Church agencies have expressed their disappointment at today's Budget, which they say will hurt the most vulnerable people in the UK and overseas. Helen O'Brien, Chief Executive of Caritas Social Action Network (CSAN) which represents 41 Catholic charities in England and Wales, said: "whilst the increased funds Church agencies for children's mental health services and support for small charities through Gift Aid regulations are welcome, significant further cuts for welfare and public spending in this year's Budget Statement will fail to stop the squeeze on the most vulnerable.

"If you look beyond the headlines, recent tax and welfare changes - changes CSAN has questioned for some time - have hit the poorest households hard. For the CSAN member charities working on the ground, the impact of these changes on the people they support has been very real and very damaging. We hoped this Budget would be focussed on helping the poorest people who have found it increasingly difficult to make ends meet."

Christian Aid said it sees little in the UK Chancellor's Budget Speech, or the European Commission's new plan on tax transparency, to make a difference to the tax dodging which drains billions from developing countries every year. The Chancellor has announced a string of measures on tax avoidance and evasion but Christian Aid believes that to really close the net on big companies avoiding their fair share of tax, the UK should introduce a comprehensive Tax Dodging Bill.

"We are pleased to see politicians trying to tackle rampant tax dodging," said Joseph Stead, Christian Aid's Senior Economic Justice Adviser. "However, at all the points at which both UK and EU could have decided to help developing countries, they flunked it.
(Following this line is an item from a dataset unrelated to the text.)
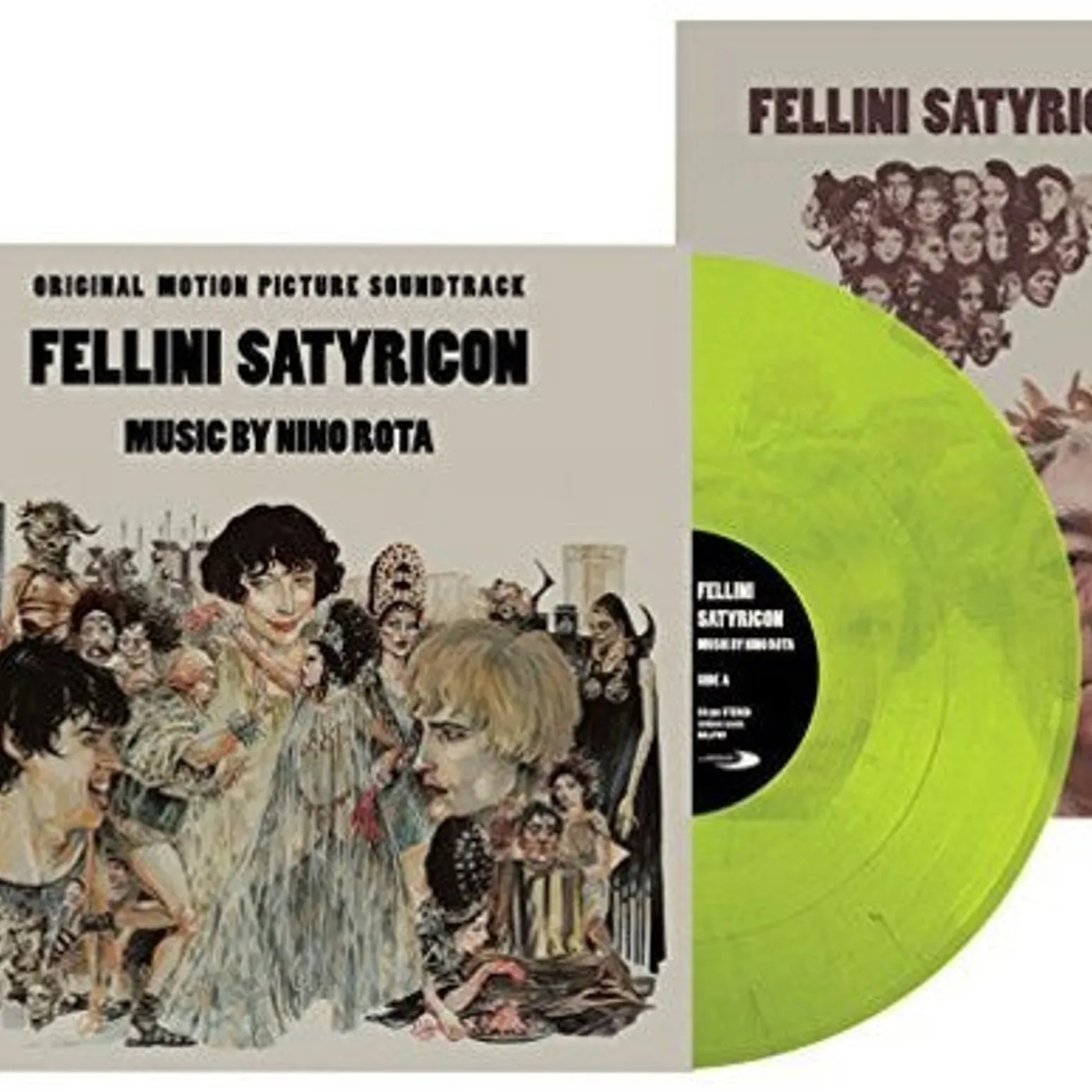 Nino Rota LP Vinyl - Fellini Satyricon - Original Soundtrack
In relation to tax dodging, the UK and EU appear to believe that we are not all in it together - developing countries are on their own."

On the Government's plans to introduce country-by-country reporting requirements for multinational companies, firms should have publicly to report the information. Failure to do this means few developing countries will benefit from the information being given to the UK's tax authority.
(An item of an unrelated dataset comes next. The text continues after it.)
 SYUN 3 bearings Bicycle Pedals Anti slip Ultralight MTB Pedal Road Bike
"Keeping this crucial information hidden from public eyes means that developing countries are never going to get the information they need to tackle tax dodging," warned Mr Stead. However, Christian Aid is hopeful that further UK Government plans, to introduce a new criminal offence of helping others to evade tax, could make a difference for people living in poverty in developing countries.

"We urge the Government to consider how to make such a new law work for the world's poorest people, who also suffer grave harm at the hands of tax evaders and their professional advisers," added Mr Stead.

"The new offence could easily be made to apply wherever in the world the crime happens, in the same way as the UK Bribery Act already does." Commenting on the European Commission's new plans for greater tax transparency in Europe, he added: "For the sake of developing countries and the trust of taxpayers all over Europe, the EU needs to improve its tax transparency. "Today's announcement is only tiptoeing in the right direction. With the President of the Commission narrowly avoiding censure for overseeing decades of dodgy tax deals, Europe needs to do a lot more in the coming year to show it is serious about tax transparency."